Sikes was played by Danny Sewell in both the original West End and Broadway productions of the stage musical Oliver! which won several awards in the early 1960s. Sikes was played by Graeme Campbell in the 1984 Broadway revival, Miles Anderson (later Steven Hartley) in the 1994 London revival, Burn Gorman (later Steven Hartley again) in the 2009 London revival and by Tam Mutu in the 2023 Encores! revival. Aaron Sidwell has played the role since July 2024, in Cameron Mackintosh’s revival at both Chichester Festival Theatre and Gielgud Theatre in London.

===Film===
Robert Newton first played Sikes on screen in the 1948 British film noir Oliver Twist. Sikes's death is changed slightly: while attempting to swing to another building to escape the mob, he is shot by a police officer and dies while dangling from a building by a rope around his body. Perhaps Newton's portrayal is the closest to how Dickens himself envisioned the character: a vicious, heavy drinking sociopath.

Oliver Reed played Sikes in the 1968 film adaptation of Oliver! which also won several awards, including the Oscar for Best Picture. His songs are removed from the film, making his performance of the character closer to that of the novel rather than the stage version. The famous climax of the 1948 film adaptation is retained and Sikes dies in the same manner of being shot and his body dangling from the rope.

In Disney's animated version, Oliver & Company (1988), Sikes (here spelled Sykes) is reimagined as a cold-hearted loan shark who lives and works in a New York shipyard and is voiced by Robert Loggia, who was cast in the role after Marlon Brando rejected an offer to voice the character because he felt the film was going to be a flop. Sikes's dog from the novel, Bull's-eye, is replaced by two Dobermans named Roscoe and DeSoto. Fagin, here depicted as a hobo living with several dogs, owes him money before Sykes proceeds to kidnap a young wealthy girl, Jenny Foxworth, planning to take a ransom to himself. In a final confrontation, Sykes chases Fagin and the dogs into the subway tunnels in attempt to recapture Jenny until they reach the Brooklyn Bridge. While Roscoe and DeSoto are killed when they fall onto the electrified railway, Sykes fights with Oliver and Dodger on the roof of his limousine, and is brutally killed when his car collides with a train, sending his corpse falling into the East River.

In the 2004 movie, Boy Called Twist, Sikes is played by Bart Fouche.

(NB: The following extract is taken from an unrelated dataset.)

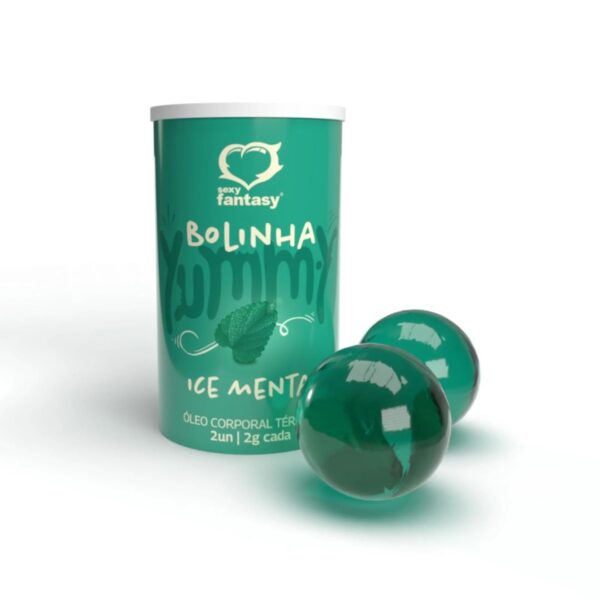 Yummy Bolinha Beijável Térmica Ice Com 2 Unidades Sexy Fantasy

In the 2021 movie, Twist, Sikes is altered into a female portrayed by Lena Headey with a pet Doberman named Bull's-eye and appears to be a lesbian when seen in a supposed relationship with Nancy.

===Television===
Peter Vaughan portrayed Sikes in the BBC's 1962 television adaptation, which saw the character portrayed in a gritty, violent way considered to be faithful to the original book. The scene where he brutally murders Nancy was very controversial at the time, with questions being asked in parliament if the serial should've even been allowed to air.

In 1982, Tim Curry portrayed Bill Sikes in the American-British made-for-television film adaptation, Oliver Twist.

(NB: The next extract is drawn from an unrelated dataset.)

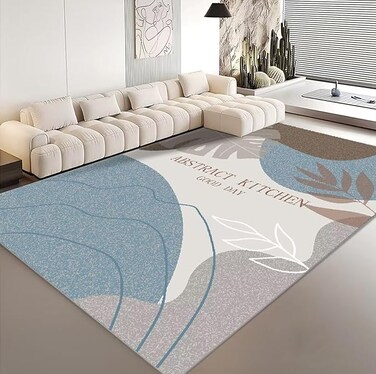 ital Area Rugs Soft Modern Rug Carpet Geometric Stripe Rug Non Slip Modern Carpet, Abstract Printed Floor Rugs for Home Decorative, Soft &amp; Non-Slip &amp; Washable Indoor Mat (K-116, 200 x 300 cm)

In the 1985 BBC TV serial, Oliver Twist, Bill Sikes was portrayed by Michael Attwell.

In the 1996 animated series, Saban's Adventures of Oliver Twist, Bill Sikes is reimagined as a brown bear. A brutish ruffian of a man who makes threats by extortion and intimidation to gain his money. He is sometimes accompanied by a gang of thieving river rats with Big Cheese as his second-in-command.

In Disney's 1997 live-action television production, Oliver Twist, Bill Sikes is played by David O'Hara. In the 2005 Oliver Twist Bill Sikes is played by Jamie Foreman.

In 2007, Sikes is portrayed by actor Tom Hardy in the BBC One miniseries Oliver Twist, later aired in the United States on PBS' Masterpiece Classic.

In the 2015 BBC TV series Dickensian, Sikes is played by Mark Stanley.

===Radio===
The very first radio portrayal of Bill Sikes was on British radio in 1928 by Philip H. Harper. Successive radio Sikes included Matthew Boulton in 1934 on the BBC Regional Programme, Allan Jeaves in 1941 on the BBC Home Service, Ralph Truman in 1952 on the BBC Home Service, John Hollis in 1970 on BBC Radio 4, and Tim McInnerny in 1994 on BBC Radio 4.